Barry Callebaut achieved solid volume growth across all regions over the first 9 months, with an acceleration in Q3 (+5.5%). This momentum was supported by its key growth drivers Gourmet & Specialties (+11.6%), Outsourcing (+9.7%) and Emerging Markets (+3.3%). For the first 9 months, the intentional phase-out of less profitable cocoa contracts weighed on overall volume development, but sales volume in Global Cocoa for Q3 was back at the same level as the prior-year period. The phase-out of these contracts, amounting to 50,000-60,000 tonnes overall, has now been completed. Sales revenue increased by +2.9% in local currencies (+3.7% in CHF) to CHF 5,193.5 million, in line with volume growth and a better product mix, offset by lower cocoa bean prices.

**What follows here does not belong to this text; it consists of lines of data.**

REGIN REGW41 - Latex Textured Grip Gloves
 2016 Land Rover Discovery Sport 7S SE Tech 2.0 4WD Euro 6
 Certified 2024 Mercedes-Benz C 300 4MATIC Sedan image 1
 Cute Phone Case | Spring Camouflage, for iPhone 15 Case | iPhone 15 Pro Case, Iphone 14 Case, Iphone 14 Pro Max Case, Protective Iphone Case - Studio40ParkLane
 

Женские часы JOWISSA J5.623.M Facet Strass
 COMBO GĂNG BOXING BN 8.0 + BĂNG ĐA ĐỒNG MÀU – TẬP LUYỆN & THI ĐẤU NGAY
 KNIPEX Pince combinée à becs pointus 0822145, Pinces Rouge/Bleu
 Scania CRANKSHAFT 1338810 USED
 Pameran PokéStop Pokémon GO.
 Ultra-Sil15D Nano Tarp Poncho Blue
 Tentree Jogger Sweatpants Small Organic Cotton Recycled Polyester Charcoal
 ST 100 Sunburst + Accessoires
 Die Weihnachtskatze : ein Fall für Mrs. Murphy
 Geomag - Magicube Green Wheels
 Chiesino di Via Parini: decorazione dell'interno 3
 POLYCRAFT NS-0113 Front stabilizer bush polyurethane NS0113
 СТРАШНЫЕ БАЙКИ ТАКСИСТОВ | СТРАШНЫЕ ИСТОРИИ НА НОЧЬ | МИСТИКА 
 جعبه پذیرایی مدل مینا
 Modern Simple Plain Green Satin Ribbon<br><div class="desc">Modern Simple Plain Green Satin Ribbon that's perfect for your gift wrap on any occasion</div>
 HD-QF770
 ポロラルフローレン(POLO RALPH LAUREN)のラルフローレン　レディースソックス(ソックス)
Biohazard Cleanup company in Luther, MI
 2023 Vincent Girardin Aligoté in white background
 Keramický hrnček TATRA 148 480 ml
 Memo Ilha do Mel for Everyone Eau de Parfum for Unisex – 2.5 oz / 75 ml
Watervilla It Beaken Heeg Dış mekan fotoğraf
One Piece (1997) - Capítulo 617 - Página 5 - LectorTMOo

Outlook: Healthy portfolio and good momentum
Looking ahead, CEO Antoine de Saint-Affrique said: “’Smart growth’ will continue to be at the heart of our strategy execution. This means driving above-market volume growth, enhanced profitability and free cash flow generation. The phase-out of less profitable cocoa contracts is now completed; we continue to see a healthy portfolio and expect the good momentum to remain. On this basis we confirm our mid-term guidance.”